At Tuesday’s meeting, commissioners Shaleen Title and Britte McBride proposed, and the commission agreed unanimously, to require a law enforcement agent who seeks access to the video footage to obtain a court order or search warrant demonstrating probable cause, except in cases of imminent danger or emergency.
“No one will be able to go in and fish through that footage,” Title said.
At marijuana cafés, consumers will have to be informed about exactly what they are consuming – including product ingredients and quantity of THC – and warned about delayed reactions to marijuana edibles and the dangers of driving while impaired. There will be limits on the amount someone can buy at one sitting. Smoking will only be allowed outdoors if certain conditions are met regarding ventilation and avoiding impacts on neighbors. Marijuana cafes could only be open between 8 a.m. and 9 p.m.
Hoffman said state regulators will continue to collaborate with law enforcement and make any additional changes to security procedures that become necessary.
The state has also struggled to meet a legislative requirement that it ensure that communities disproportionately harmed by drug enforcement laws are able to benefit from legalization.
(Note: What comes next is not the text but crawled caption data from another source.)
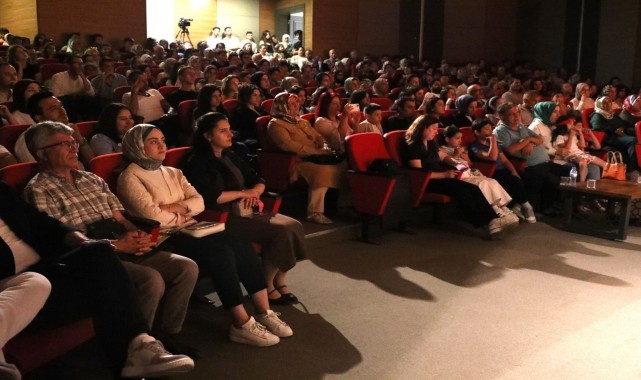 Kayseri&#039;de &quot;12 Jüri&quot; tiyatro oyunu seyirciyle buluştu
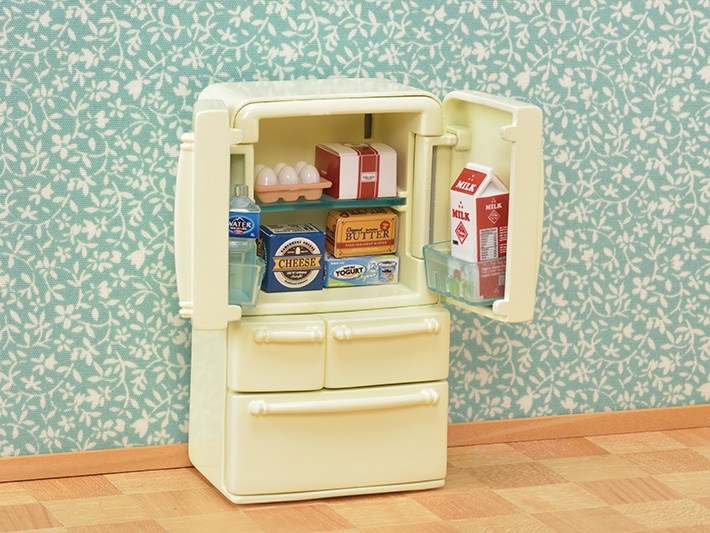 Sylvanian Families Calico Critters Refrigerator Set 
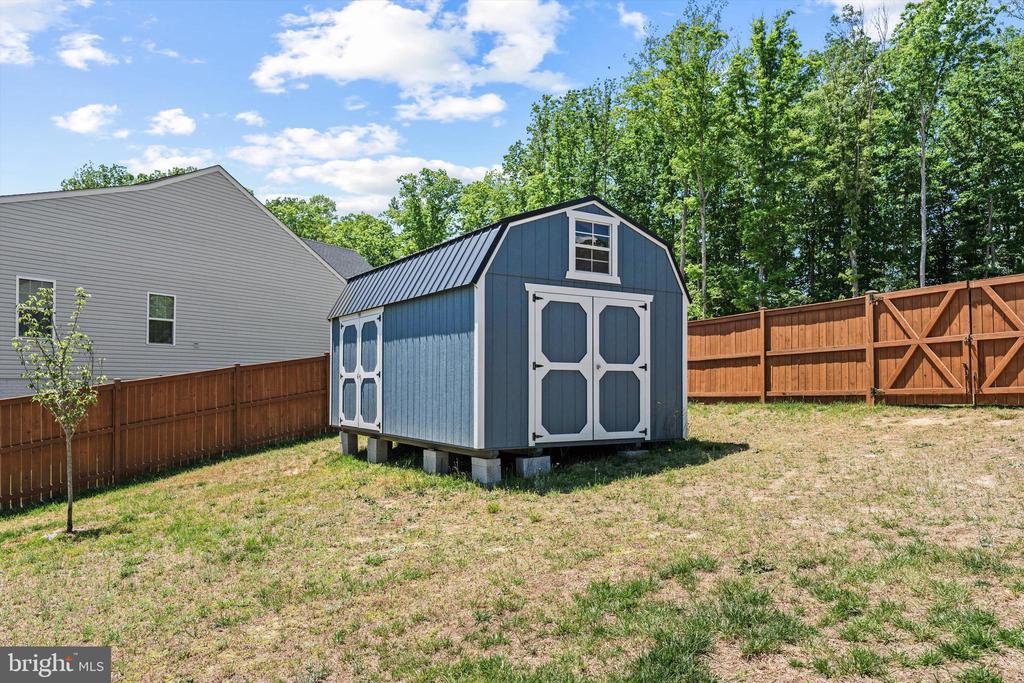 8525 SYLVANNAH DR, SPOTSYLVANIA, Virginia 22551, 5 Bedrooms Bedrooms, ,3 BathroomsBathrooms,Residential,8525 SYLVANNAH DR,VASP2041782 MLS # VASP2041782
Advocates for allowing home delivery say this is a type of low-cost business that could open up the industry to more minority applicants, those with drug records and all those who have less start-up money.
Title, a strong proponent of social equity initiatives, said, “I’m proud of implementing the will of the voters, who are clear that they wanted to see an industry that’s fair, that’s equitable, that has room for small businesses and isn’t going to be dominated by big conglomerates, and I think that we made a lot of progress towards that today.”